O rabino Abraham Heschel dizia que “nossa compreensão da profundidade do sofrimento é comparável ao que é capaz de perceber uma mariposa voando sobre o Grand Canyon”. Será isso mesmo? O que compreendemos a respeito do sofrimento? Como o amor cristão nos conduz em tempos de profunda dor? A fé cristã nos ensina a respeito, nos educa a alma?
Lembro-me da pergunta de Jesus a seus discípulos: “Podem vocês beber o cálice que eu vou beber?’ (Mt.20.22). Me parece que Jesus, ao reconhecer nossa falta de noção, nos faz essa pergunta-convite, a fim de que prestemos atenção para o quanto nossos desejos adoecidos tomam lugar da realidade. Nossa insensibilidade nos faz pedir coisas inadequadas, sem perceber o que acontece ao nosso redor. Nem percebemos que na busca de nosso conforto, de reconhecimentos, ignoramos o que se passa com nosso próximo. O que de fato está acontecendo? Somos atraídos por ilusões, apegados a muletas emocionais (onde nos apoiamos em coisas como dinheiro, suposto poder, suposto saber, etc.).

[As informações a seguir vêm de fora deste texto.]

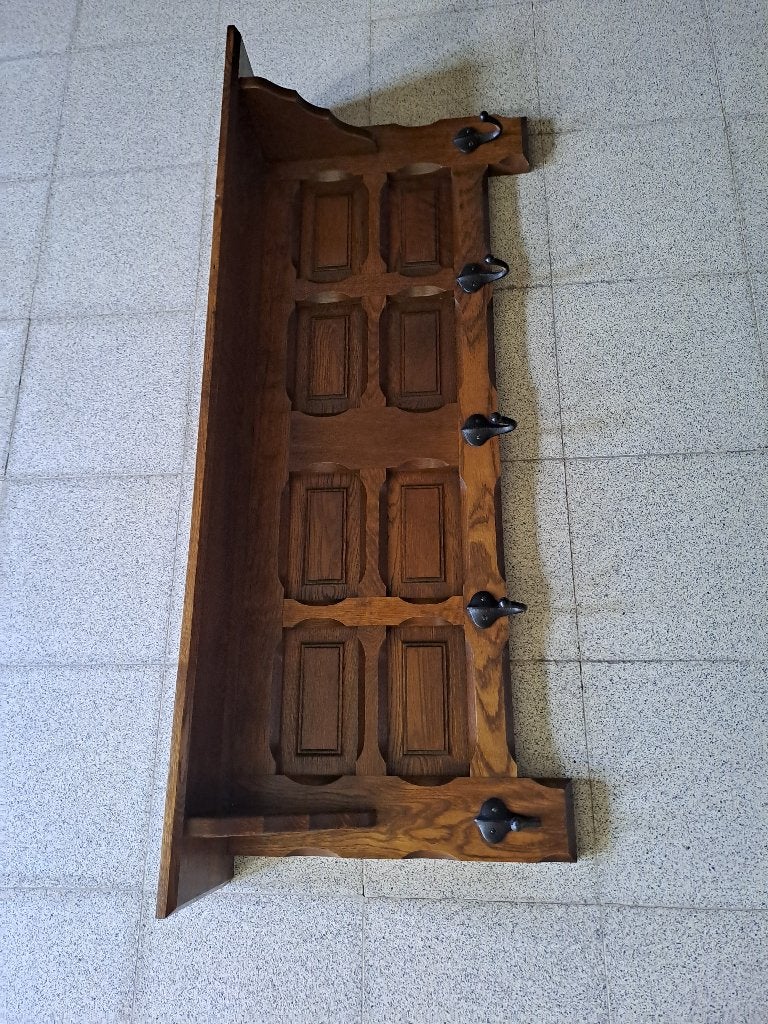 Kapstok, Ophalen, Zo goed als nieuw, Hout, Wandkapstok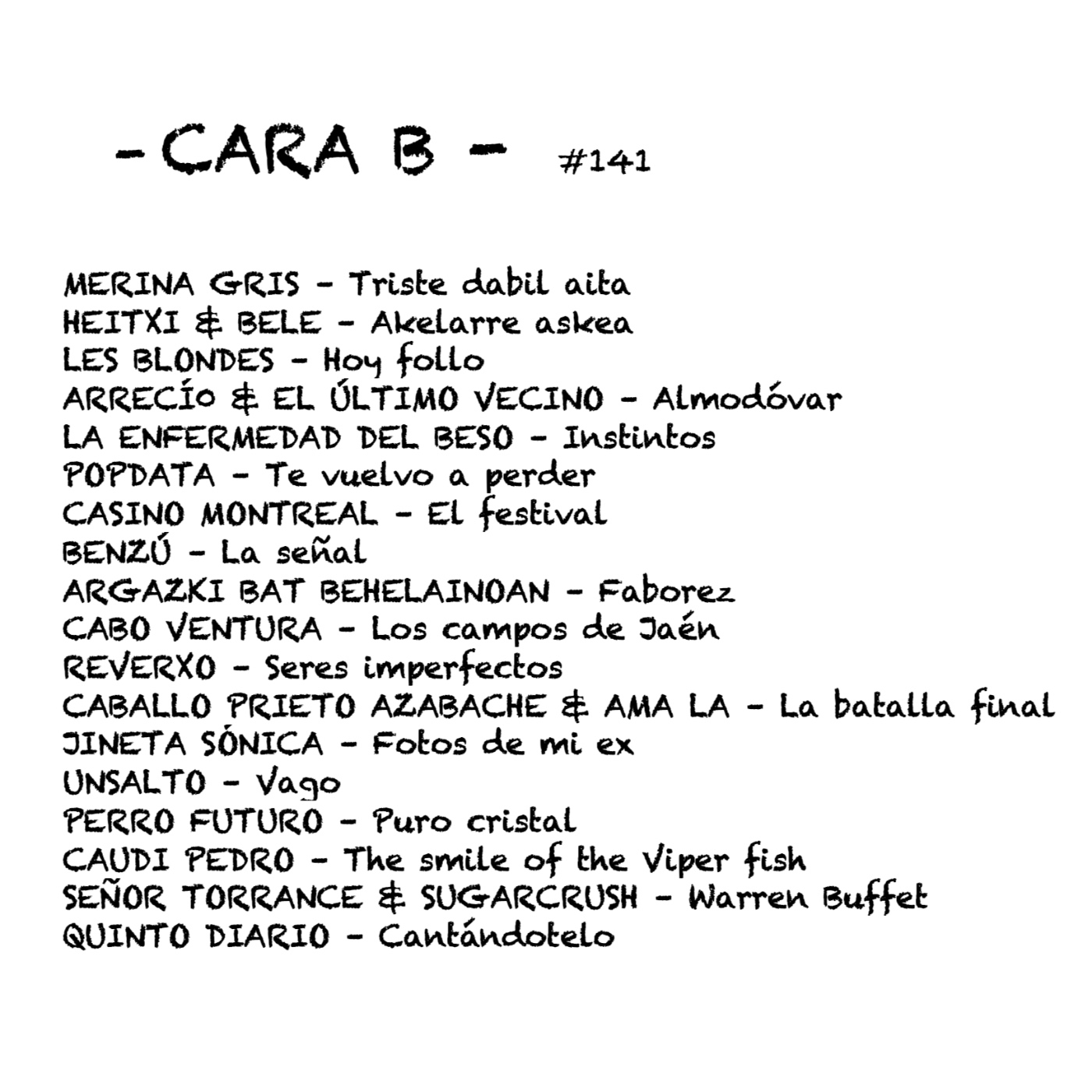 Cara B - 141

A pergunta de Jesus ecoa, chegando até nós hoje. E aí aproveito o comentário de Henri Nouwen a respeito desse texto: “Beber o cálice não é simplesmente nos adaptar a uma situação ruim ou tentar usá-la o melhor que pudermos. É uma forma de viver com esperança, coragem e confiança. Isso significa ficar de pé com a cabeça erguida, solidamente enraizado no conhecimento de quem somos, encarar a realidade que nos rodeia e responder a ela com nossos corações”. Sim, talvez atentar para a razão das nossas lágrimas seja uma forma de nos conhecermos melhor. Inclusive, perceber como o evangelho nos transforma, aprofundar como o evangelho nos faz solidários, arranca medos e desconfianças a fim de que o amor ganhe mais espaço dentro de nós, então, vamos aprendendo mais a respeito de estender as mãos para acolher do que agredir, mais sobre abraçar do que competir, mais sobre respeitar do que caluniar, mais sobre chorar com os que choram do que tripudiar em cima das dores do próximo, celebrar com os que se alegram do que invejá-los, e por aí vai.
Vivemos assustados, tentando nos proteger continuamente, correndo atrás do vento, nos apegando a desejos infantis. A dor pouco nos comove, ou, nos perturba intensamente, porém, apenas por alguns instantes e logo nos dispersamos nos muitos afazeres e estímulos que nos cercam.
A necessidade imperiosa de nos distrairmos, fugirmos do tédio, da tristeza, corrermos para o divertimento e prazeres, não termos contato com a dura realidade de muitos que nos cercam denúncia que nossas lágrimas acabam sendo somente por nós mesmos.
“Não deem espaço para o ego à custa da sua alma” (I Pe 2.11 – “A Mensagem”).